Val James became the African-American player to skate in an NHL game, on Nov. 1, 1981, when he suited up for the Buffalo Sabres in their 6-2 win over the Flyers. This was the first of just 11 NHL games he played in during his 10-season professional career.
One month into Minnesota’s 20th NHL season, on Nov. 1, 1986, Craig Hartsburg became the first defenseman in North Stars’ history to score a hat trick. The one and only hat trick of his career came in a 6-5 home loss to the Blackhawks.
Brian Propp became the fifth player in Flyers’ team history to score 300 goals, on Nov. 1, 1987, in a 4-1 win over the Los Angeles Kings at the Spectrum.
A pair of Blackhawks hit personal milestones, on Nov. 1, 1990, in their 6-2 victory over the Quebec Nordiques. Steve Larmer scored two goals to reach 700 points in his career. Jeremey Roenick hit 100 points in his young career with a goal and two assists.
Speaking of personal milestones, on Nov. 1, 1995, Mike Gartner scored his 1,200th career point, with an assist in a 4-2 Maple Leafs’ win at the Winnipeg Jets.
Joe Thornton became just the 20th player in NHL history to score 1,400 points, on Nov. 1 2017, with an assist in the San Jose Sharks’ 4-1 road win at the Nashville Predators.

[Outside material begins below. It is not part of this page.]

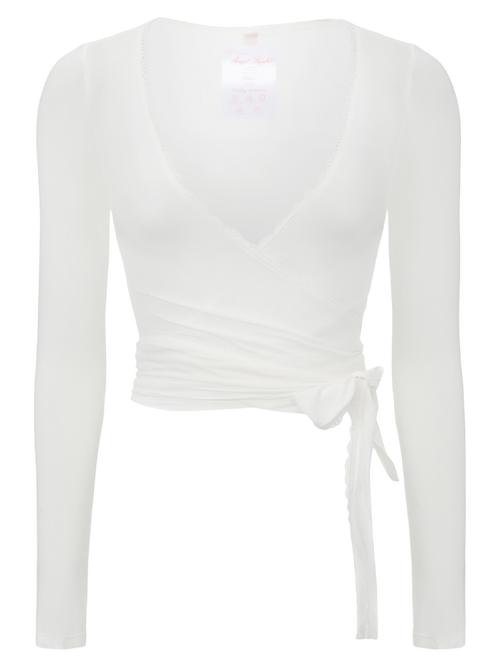 Whimsy Doll Pilates Wrap Cardigan（White）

On that same night, his longtime teammate Patrick Marleau scored the game-winning goal for the Maple Leafs as they beat the Anaheim Ducks 3-1. The veteran forward became just the eighth player in league history to score 100 game-winning goals. Marleau will be back with the Sharks when the 2020-21 season begins, while Thornton will suit up in Toronto.
Happy Birthday to You
A total of 19 current and former NHL players were born on Nov. 1. The best players of this lot include goaltender Phil Myre (72), Doug Halward (65), tough guy Tie Domi (51), Glen Murray (48), Matt Moulson (37), Tyler Pitlick (29), former AHL MVP Daniel Carr (29) and the late Hall of Fame coach Al Arbour.